Er bleibt ganz bei den Menschen, ist ganz in dieser Welt. Mit all ihrer grausamen Gewalt. Und gleichzeitig ist eine andere Wirklichkeit für ihn entscheidend. Gottes Wirklichkeit ist stärker. Und macht Menschen stark.

Dietrich Bonhoeffer schaut mit österlichem Blick auf sein Sterben. Für ihn ist es der Anfang – der Anfang vom ewigen Leben, davon, ganz ungetrennt bei Gott zu sein. In diesem Vorgefühl schreibt er:

"Der auferstandene Christus trägt die neue Menschheit in sich, das letzte herrliche Ja Gottes zum neuen Menschen.
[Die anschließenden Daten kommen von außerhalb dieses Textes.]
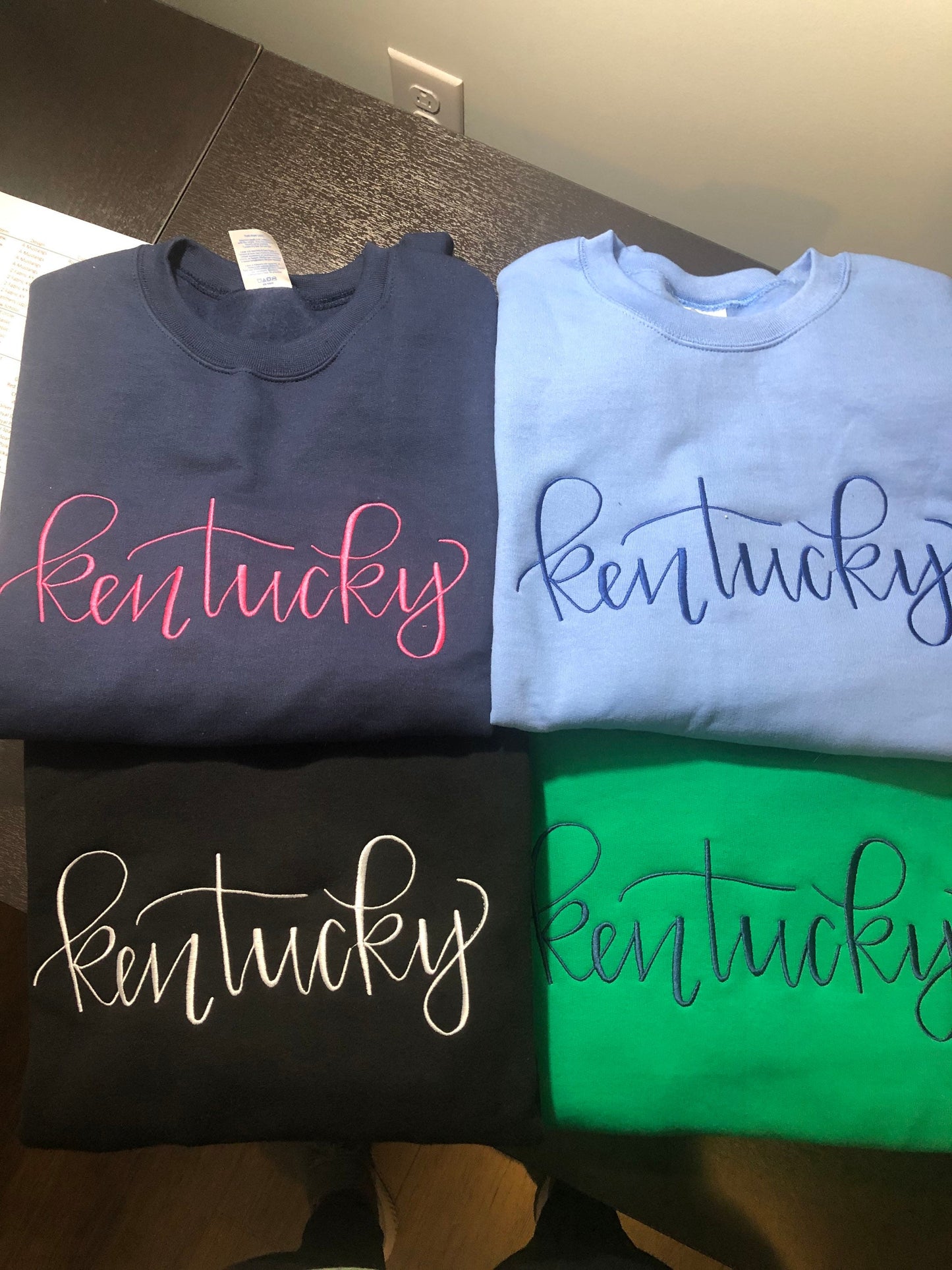 Kentucky Cursive Crewneck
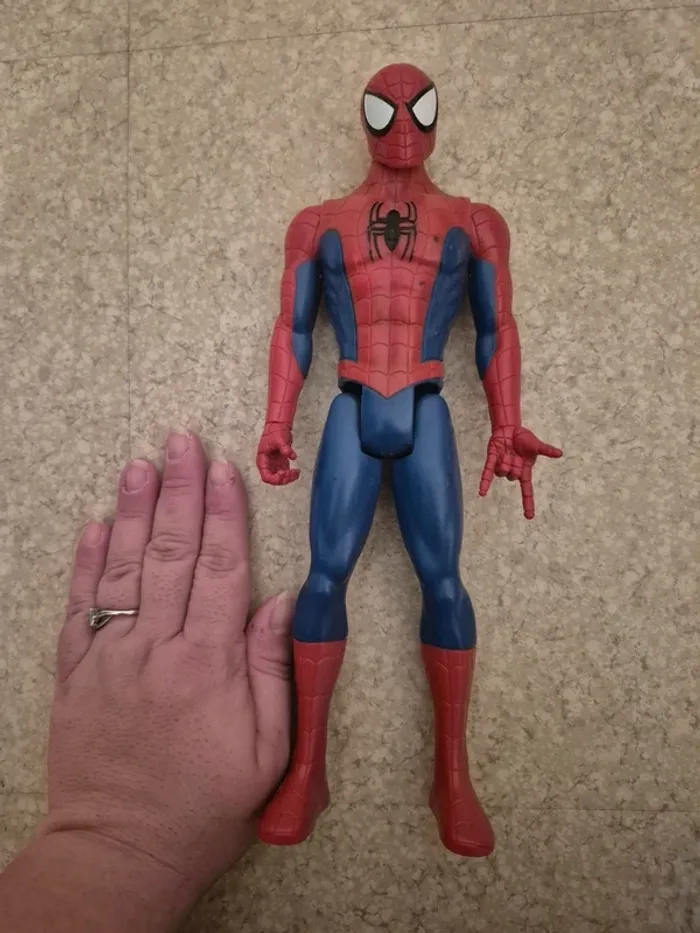 Figurine Spiderman - photo numéro 2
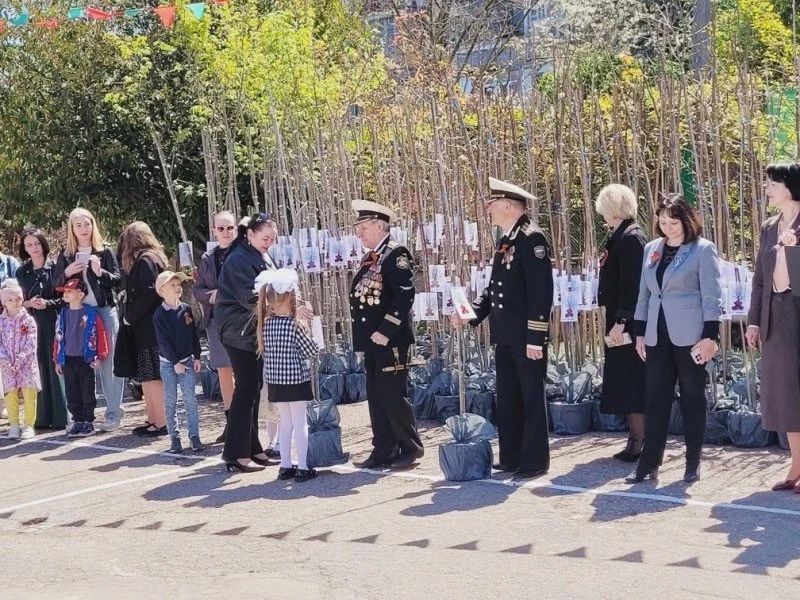 «Сады Победы» расцветут в учреждениях образования Севастополя «Сады Победы» расцветут в учреждениях образования Севастополя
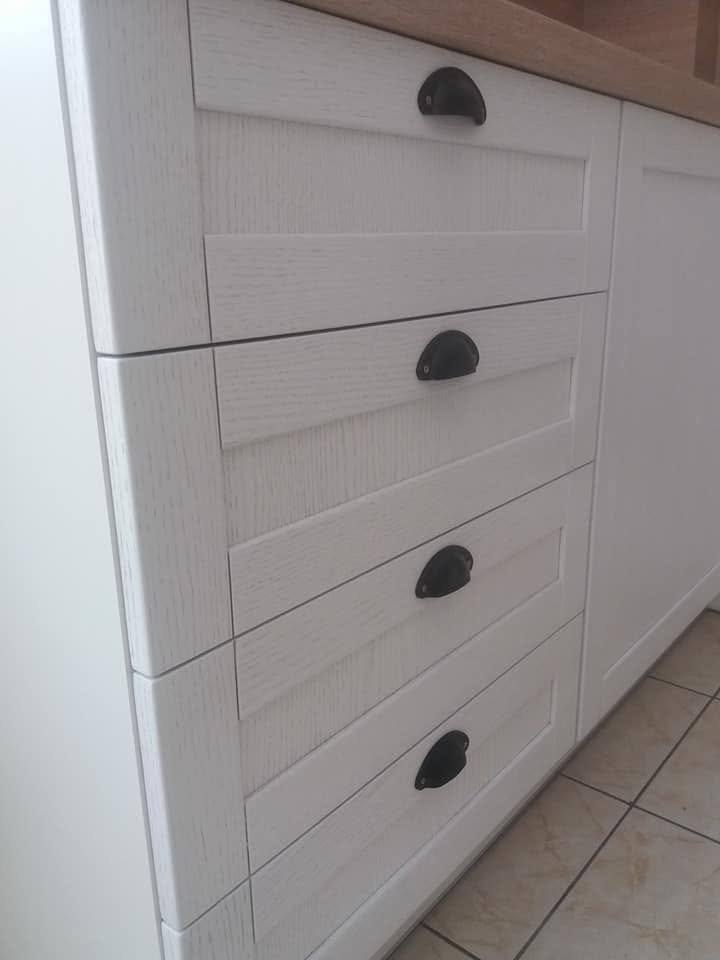 Seitlicher Blick auf Laden mit Holzstruktur und Muschelgriffen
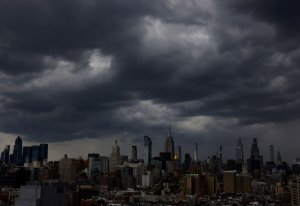 Storms in Northeast, Gulf, scorching heat in Northwest on tap for holiday weekend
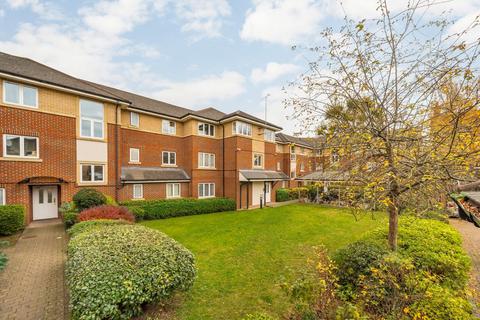 1 bedroom flat for sale, Grasgarth Close, London W3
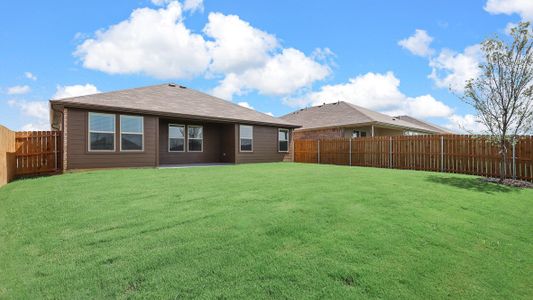 New construction Single-Family house 5444 Legends Wy, Krum, TX 76249 null- photo 36 36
Zwar lebt die Menschheit noch im Alten, aber sie ist schon über das Alte hinaus. Zwar lebt sie noch in einer Welt des Todes, aber sie ist schon über den Tod hinaus.(…) Die Nacht ist noch nicht vorüber, aber es tagt schon."

Von dieser Wirklichkeit will ich mich überraschen lassen, liebe Gemeinde! Aus Liebe. Mit offenen Osteraugen erkennen: Die Nacht ist noch nicht vorüber, aber es tagt schon.